• [WORK INSTRUCTION]:
Your task is to reproduce exactly the lines from the one containing "Immobilienfilm - Apartment" through the last line below, both ends included, and nothing else, with no pictures.

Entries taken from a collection

· · ·

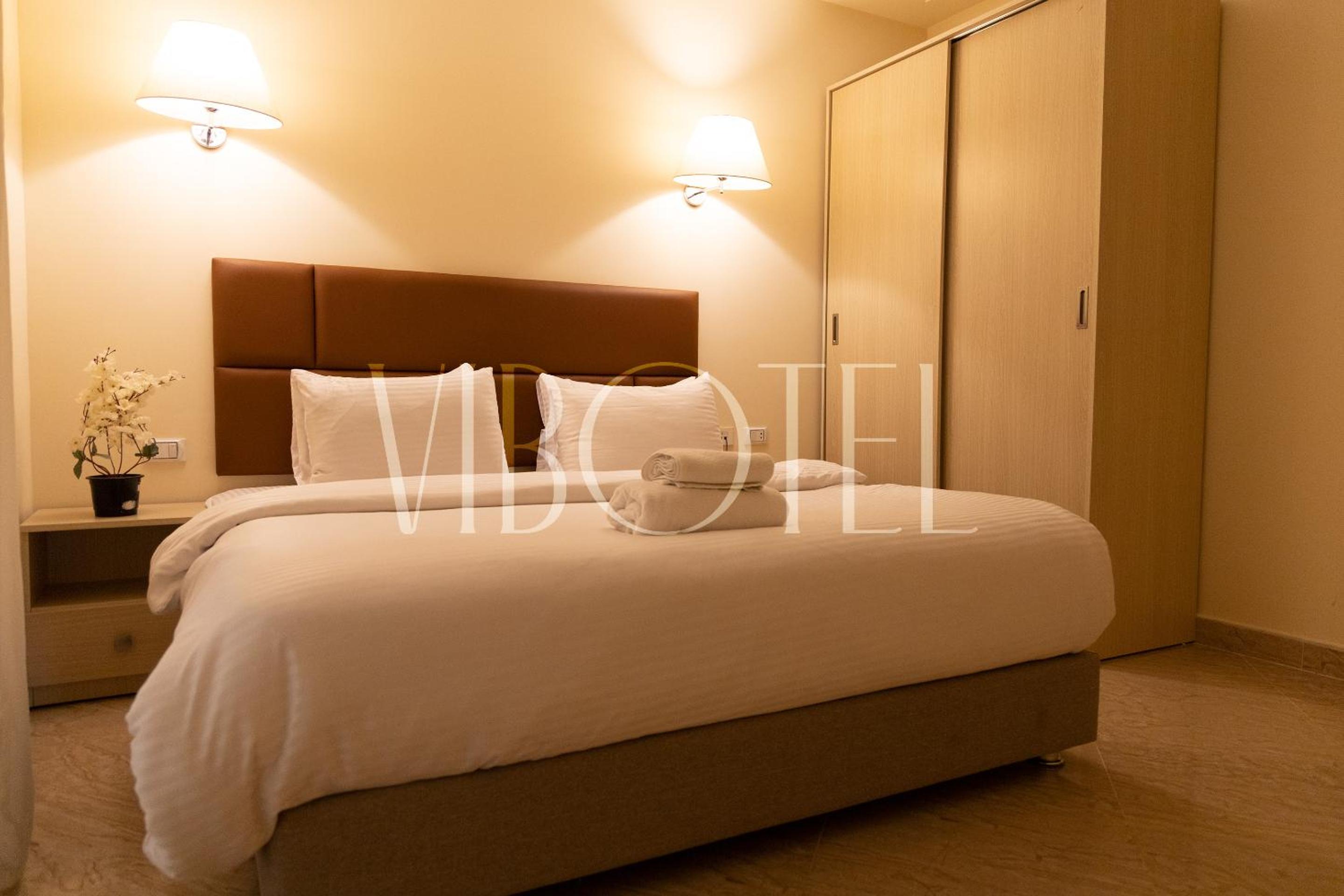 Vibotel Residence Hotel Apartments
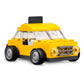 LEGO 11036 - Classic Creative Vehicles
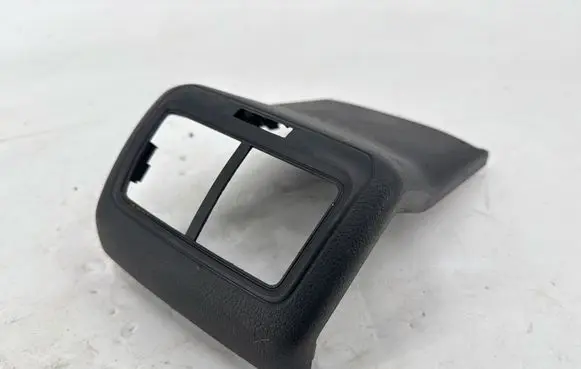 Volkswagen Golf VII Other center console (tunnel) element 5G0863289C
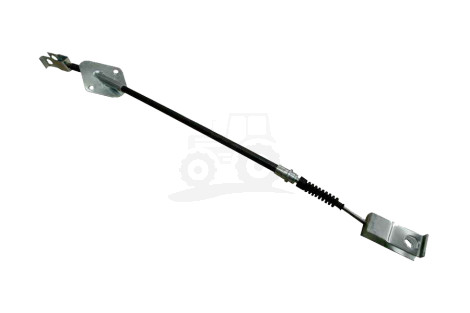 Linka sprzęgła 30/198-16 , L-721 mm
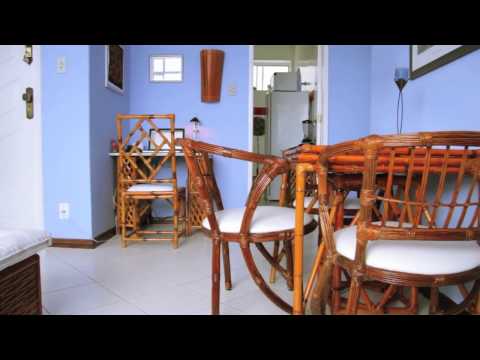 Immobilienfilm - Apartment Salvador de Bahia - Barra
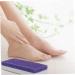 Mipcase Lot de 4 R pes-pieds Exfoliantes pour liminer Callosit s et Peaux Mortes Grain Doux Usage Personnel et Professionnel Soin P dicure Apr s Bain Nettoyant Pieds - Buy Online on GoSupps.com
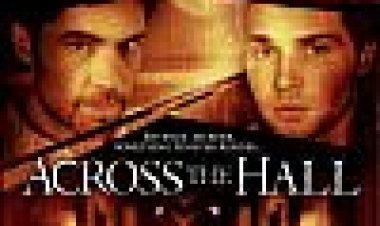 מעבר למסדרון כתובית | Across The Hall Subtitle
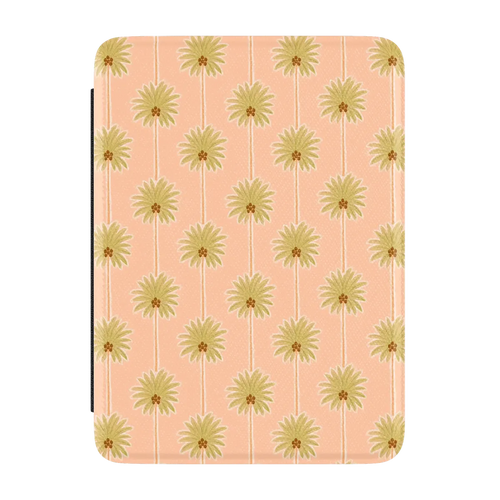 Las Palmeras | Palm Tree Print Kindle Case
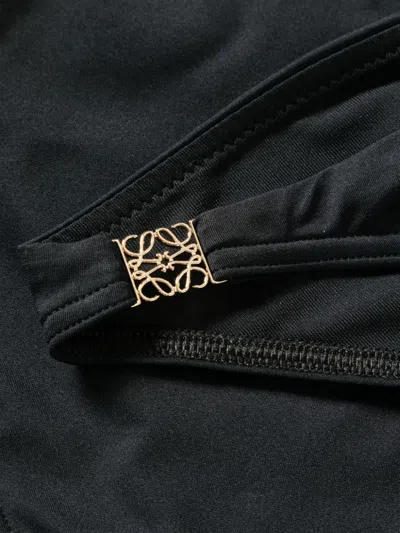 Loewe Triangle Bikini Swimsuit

· · ·

• [SOLUTION TO THIS PROBLEM]:
 Immobilienfilm - Apartment Salvador de Bahia - Barra
 Mipcase Lot de 4 R pes-pieds Exfoliantes pour liminer Callosit s et Peaux Mortes Grain Doux Usage Personnel et Professionnel Soin P dicure Apr s Bain Nettoyant Pieds - Buy Online on GoSupps.com
 מעבר למסדרון כתובית | Across The Hall Subtitle
 Las Palmeras | Palm Tree Print Kindle Case
 Loewe Triangle Bikini Swimsuit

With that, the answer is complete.